EXERCISE INSTRUCTIONS: Return, word for word, only the lines of the data below that lie between the line with "Осмотр ротовой полости." and the line with "Nail Tek Renew, Natural", those two lines included.

BEGIN AVAILABLE DATA

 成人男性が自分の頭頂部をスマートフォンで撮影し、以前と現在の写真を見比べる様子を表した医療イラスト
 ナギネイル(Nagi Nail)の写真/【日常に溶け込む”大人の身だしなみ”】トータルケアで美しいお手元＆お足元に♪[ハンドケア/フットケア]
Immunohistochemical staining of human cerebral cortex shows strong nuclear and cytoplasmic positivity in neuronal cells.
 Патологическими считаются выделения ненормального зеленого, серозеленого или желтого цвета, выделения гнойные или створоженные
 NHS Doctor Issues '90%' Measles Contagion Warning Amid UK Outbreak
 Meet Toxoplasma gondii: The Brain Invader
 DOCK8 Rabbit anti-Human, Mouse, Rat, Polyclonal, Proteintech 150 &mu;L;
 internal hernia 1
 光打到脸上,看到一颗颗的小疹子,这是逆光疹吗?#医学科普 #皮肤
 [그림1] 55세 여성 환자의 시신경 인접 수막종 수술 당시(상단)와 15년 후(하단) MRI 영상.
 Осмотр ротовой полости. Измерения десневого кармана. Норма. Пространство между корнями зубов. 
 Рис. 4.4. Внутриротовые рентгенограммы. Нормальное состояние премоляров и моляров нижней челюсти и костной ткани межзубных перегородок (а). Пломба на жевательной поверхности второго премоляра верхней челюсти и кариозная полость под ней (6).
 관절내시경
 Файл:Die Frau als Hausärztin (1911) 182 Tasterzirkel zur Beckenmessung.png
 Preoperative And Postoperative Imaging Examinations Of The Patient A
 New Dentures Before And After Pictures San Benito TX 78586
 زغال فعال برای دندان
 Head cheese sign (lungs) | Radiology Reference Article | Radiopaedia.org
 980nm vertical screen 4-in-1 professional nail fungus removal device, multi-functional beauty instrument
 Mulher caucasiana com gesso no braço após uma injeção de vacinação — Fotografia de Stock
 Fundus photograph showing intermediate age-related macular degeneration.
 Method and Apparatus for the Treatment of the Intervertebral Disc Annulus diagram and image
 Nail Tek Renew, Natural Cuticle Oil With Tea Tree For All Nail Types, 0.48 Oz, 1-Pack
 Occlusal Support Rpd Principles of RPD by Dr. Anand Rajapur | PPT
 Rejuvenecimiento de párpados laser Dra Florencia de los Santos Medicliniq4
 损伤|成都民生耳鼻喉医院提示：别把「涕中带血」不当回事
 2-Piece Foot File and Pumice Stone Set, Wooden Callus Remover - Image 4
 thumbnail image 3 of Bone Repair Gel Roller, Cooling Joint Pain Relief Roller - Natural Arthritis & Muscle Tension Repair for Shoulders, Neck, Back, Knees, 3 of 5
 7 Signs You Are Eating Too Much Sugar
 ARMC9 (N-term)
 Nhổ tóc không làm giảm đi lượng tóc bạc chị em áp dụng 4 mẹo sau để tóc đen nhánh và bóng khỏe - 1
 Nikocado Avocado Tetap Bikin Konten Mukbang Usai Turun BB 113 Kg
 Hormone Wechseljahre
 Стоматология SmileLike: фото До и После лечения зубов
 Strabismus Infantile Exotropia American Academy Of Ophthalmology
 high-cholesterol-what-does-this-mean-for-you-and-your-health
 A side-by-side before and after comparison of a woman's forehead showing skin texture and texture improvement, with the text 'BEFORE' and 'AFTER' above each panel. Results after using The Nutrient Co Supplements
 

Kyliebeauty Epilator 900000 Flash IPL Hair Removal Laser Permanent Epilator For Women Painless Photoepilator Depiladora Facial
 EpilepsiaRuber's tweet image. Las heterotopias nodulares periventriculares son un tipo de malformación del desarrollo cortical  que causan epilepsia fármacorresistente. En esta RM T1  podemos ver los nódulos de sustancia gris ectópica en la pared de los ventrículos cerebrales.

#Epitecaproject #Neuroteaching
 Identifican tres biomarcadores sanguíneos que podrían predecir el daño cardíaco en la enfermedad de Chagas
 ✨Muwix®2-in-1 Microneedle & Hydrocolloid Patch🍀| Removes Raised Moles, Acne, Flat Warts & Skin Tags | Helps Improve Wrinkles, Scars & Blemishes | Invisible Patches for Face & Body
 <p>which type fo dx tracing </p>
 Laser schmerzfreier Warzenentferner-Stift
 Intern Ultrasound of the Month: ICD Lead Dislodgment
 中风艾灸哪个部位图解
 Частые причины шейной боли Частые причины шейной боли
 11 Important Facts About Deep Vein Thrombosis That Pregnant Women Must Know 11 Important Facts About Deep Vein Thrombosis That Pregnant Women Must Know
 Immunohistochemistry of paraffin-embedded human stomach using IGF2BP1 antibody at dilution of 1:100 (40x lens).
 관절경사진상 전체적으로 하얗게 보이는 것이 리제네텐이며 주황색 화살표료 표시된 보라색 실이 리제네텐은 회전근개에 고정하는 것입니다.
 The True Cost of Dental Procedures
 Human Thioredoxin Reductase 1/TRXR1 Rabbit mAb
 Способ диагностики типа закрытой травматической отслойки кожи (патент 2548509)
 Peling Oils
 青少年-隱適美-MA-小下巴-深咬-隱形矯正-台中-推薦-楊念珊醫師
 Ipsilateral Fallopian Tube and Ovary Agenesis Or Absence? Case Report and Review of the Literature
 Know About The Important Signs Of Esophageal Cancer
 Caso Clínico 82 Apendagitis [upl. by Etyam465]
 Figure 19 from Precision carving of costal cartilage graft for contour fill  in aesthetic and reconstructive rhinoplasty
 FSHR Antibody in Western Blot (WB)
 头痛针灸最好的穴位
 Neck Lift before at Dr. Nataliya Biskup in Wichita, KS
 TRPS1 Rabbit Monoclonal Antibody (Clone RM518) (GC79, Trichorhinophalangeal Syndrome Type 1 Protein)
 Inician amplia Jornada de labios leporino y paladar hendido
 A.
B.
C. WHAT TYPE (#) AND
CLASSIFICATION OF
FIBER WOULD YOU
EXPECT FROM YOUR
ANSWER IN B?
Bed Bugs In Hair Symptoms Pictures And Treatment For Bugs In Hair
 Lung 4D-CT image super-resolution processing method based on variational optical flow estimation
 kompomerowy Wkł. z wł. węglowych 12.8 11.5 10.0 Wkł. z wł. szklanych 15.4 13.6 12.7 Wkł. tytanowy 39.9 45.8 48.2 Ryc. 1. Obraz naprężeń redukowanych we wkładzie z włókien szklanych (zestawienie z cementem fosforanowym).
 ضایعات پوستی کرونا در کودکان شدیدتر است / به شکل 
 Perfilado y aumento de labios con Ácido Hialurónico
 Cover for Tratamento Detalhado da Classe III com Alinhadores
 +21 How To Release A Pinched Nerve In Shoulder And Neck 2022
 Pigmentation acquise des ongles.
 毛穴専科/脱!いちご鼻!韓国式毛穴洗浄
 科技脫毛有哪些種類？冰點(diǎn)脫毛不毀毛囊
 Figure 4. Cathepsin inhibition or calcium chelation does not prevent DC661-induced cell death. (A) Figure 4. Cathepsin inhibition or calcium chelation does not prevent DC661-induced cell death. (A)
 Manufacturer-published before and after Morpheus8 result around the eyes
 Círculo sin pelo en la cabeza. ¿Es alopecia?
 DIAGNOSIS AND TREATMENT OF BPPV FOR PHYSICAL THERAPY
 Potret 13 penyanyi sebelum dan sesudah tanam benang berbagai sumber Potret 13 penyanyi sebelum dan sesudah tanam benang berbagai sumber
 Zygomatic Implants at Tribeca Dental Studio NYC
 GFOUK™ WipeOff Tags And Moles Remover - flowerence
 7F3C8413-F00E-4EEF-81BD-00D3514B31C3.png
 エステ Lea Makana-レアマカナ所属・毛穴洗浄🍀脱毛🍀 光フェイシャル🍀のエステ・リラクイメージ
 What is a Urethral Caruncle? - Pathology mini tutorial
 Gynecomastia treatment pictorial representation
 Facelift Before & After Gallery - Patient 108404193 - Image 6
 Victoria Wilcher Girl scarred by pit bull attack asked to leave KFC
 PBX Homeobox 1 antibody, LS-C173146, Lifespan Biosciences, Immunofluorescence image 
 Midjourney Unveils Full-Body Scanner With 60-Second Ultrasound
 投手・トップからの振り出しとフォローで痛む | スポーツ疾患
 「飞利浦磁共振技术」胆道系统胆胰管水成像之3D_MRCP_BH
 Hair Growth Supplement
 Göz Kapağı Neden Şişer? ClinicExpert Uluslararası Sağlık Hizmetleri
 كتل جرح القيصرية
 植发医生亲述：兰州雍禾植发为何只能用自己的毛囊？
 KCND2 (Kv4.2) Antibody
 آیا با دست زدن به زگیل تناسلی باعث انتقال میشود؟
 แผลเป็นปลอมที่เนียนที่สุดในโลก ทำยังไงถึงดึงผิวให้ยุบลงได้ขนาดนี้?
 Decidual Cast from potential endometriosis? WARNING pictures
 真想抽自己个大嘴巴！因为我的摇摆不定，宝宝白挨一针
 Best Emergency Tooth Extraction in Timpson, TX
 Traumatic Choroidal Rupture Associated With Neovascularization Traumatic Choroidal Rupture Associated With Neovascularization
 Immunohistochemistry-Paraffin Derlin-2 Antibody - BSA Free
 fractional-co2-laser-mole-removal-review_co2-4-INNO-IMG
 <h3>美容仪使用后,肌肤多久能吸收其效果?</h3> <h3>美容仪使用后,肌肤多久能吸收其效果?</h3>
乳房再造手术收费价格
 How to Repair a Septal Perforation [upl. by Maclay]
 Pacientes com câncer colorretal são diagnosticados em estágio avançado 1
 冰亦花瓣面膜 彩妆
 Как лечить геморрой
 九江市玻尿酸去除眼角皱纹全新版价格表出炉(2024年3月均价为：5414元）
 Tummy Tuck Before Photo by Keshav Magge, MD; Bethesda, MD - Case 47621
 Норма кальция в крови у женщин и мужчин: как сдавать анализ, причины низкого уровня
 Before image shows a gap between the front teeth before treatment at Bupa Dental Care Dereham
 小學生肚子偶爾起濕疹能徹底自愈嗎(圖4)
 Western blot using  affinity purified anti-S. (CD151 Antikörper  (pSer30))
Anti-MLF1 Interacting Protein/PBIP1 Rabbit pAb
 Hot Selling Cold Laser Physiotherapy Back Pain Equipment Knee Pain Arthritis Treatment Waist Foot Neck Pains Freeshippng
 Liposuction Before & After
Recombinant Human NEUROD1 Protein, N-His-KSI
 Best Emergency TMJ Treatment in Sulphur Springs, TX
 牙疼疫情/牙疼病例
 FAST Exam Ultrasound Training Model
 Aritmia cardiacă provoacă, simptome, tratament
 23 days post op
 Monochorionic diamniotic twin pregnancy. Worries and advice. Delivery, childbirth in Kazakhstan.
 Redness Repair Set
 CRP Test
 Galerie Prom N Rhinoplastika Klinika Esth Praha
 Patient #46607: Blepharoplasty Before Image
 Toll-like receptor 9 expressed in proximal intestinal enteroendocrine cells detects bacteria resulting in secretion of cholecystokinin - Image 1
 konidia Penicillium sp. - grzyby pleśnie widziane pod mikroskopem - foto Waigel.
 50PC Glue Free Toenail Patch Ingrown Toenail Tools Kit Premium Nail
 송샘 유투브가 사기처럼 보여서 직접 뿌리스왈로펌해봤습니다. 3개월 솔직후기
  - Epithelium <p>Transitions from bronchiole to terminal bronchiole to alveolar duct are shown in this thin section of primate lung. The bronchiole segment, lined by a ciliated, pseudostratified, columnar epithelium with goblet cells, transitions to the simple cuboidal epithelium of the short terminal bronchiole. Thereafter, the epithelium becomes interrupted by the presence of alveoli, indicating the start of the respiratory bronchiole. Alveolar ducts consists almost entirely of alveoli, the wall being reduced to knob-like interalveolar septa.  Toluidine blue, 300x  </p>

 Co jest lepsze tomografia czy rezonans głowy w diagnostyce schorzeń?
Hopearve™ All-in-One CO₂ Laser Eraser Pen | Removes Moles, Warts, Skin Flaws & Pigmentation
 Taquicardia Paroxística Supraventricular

END AVAILABLE DATA

EXERCISE ANSWER:
 Осмотр ротовой полости. Измерения десневого кармана. Норма. Пространство между корнями зубов. 
 Рис. 4.4. Внутриротовые рентгенограммы. Нормальное состояние премоляров и моляров нижней челюсти и костной ткани межзубных перегородок (а). Пломба на жевательной поверхности второго премоляра верхней челюсти и кариозная полость под ней (6).
 관절내시경
 Файл:Die Frau als Hausärztin (1911) 182 Tasterzirkel zur Beckenmessung.png
 Preoperative And Postoperative Imaging Examinations Of The Patient A
 New Dentures Before And After Pictures San Benito TX 78586
 زغال فعال برای دندان
 Head cheese sign (lungs) | Radiology Reference Article | Radiopaedia.org
 980nm vertical screen 4-in-1 professional nail fungus removal device, multi-functional beauty instrument
 Mulher caucasiana com gesso no braço após uma injeção de vacinação — Fotografia de Stock
 Fundus photograph showing intermediate age-related macular degeneration.
 Method and Apparatus for the Treatment of the Intervertebral Disc Annulus diagram and image
 Nail Tek Renew, Natural Cuticle Oil With Tea Tree For All Nail Types, 0.48 Oz, 1-Pack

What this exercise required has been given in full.